Your assignment:
Copy exactly, no pictures: every line from the one that contains "DANTON（ダントン）の「キャップ（キャップ）」" through the end of the entries below.

(Beginning of Dataset excerpts)

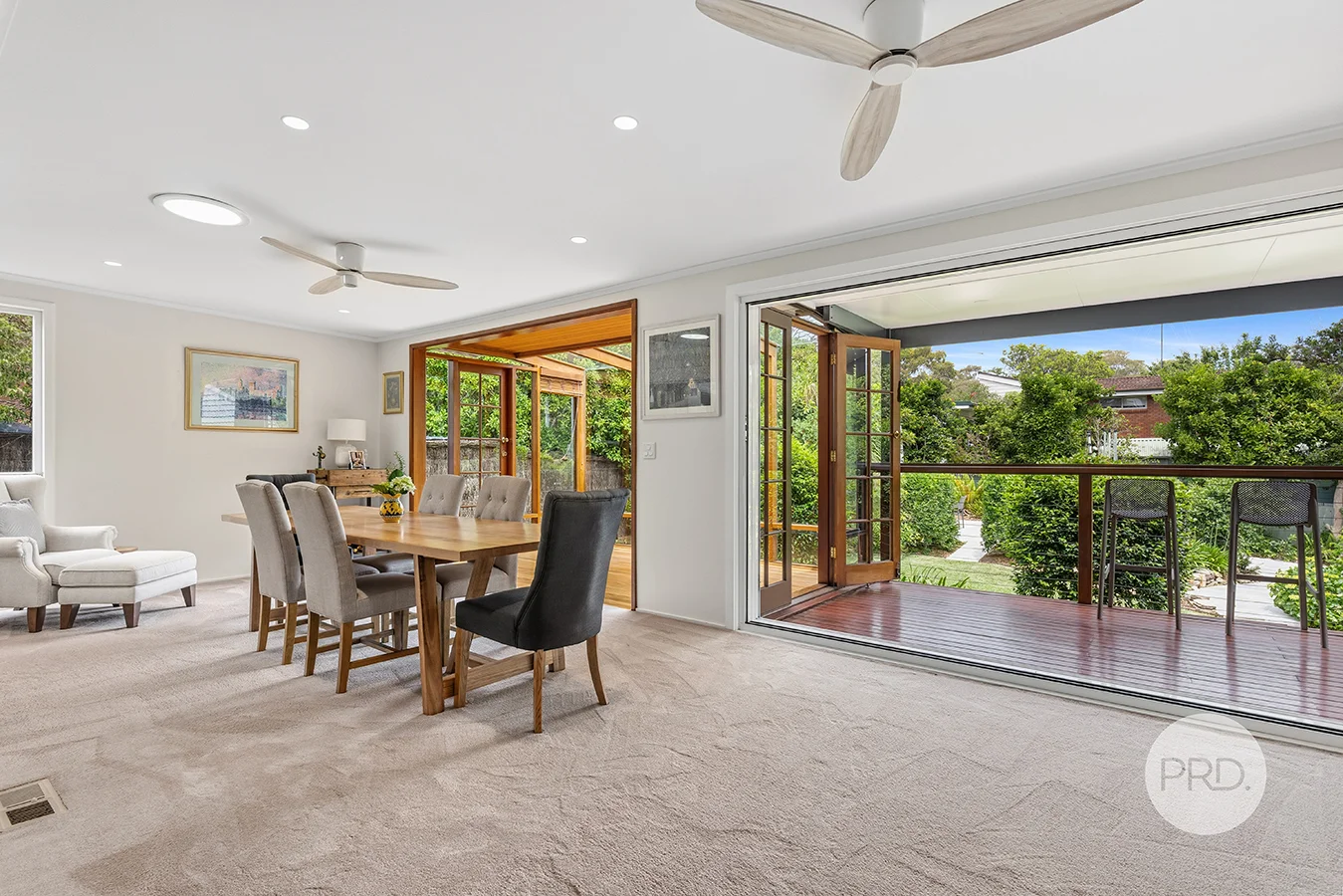 Additional image 8 of 49 Douglas Haig Street, Oatley NSW 2223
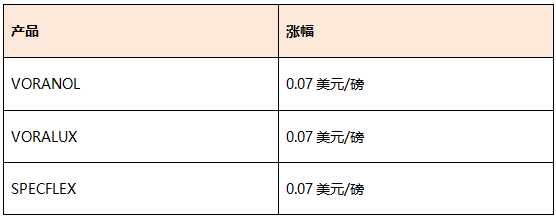 /ueditor/jsp/upload/image/20210114/1610589955633041525.png 20210114092039_6423.png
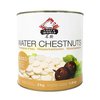 Sliced Water Chestnuts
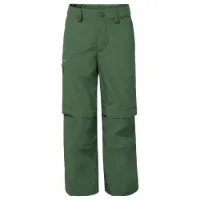 Vaude Detective Antimos Bukser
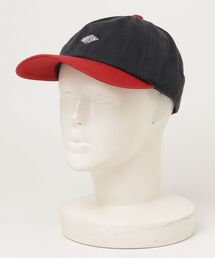 DANTON（ダントン）の「キャップ（キャップ）」
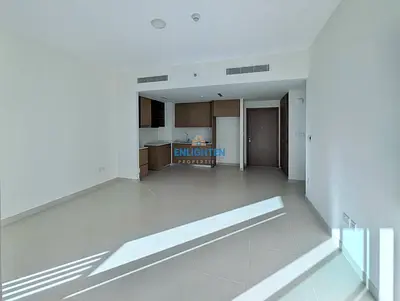 LAGOON ACCESS | CHILLER FREE | MODERN & SPACIOUS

(End of Dataset excerpts)

Solution to this task:
 DANTON（ダントン）の「キャップ（キャップ）」
 LAGOON ACCESS | CHILLER FREE | MODERN & SPACIOUS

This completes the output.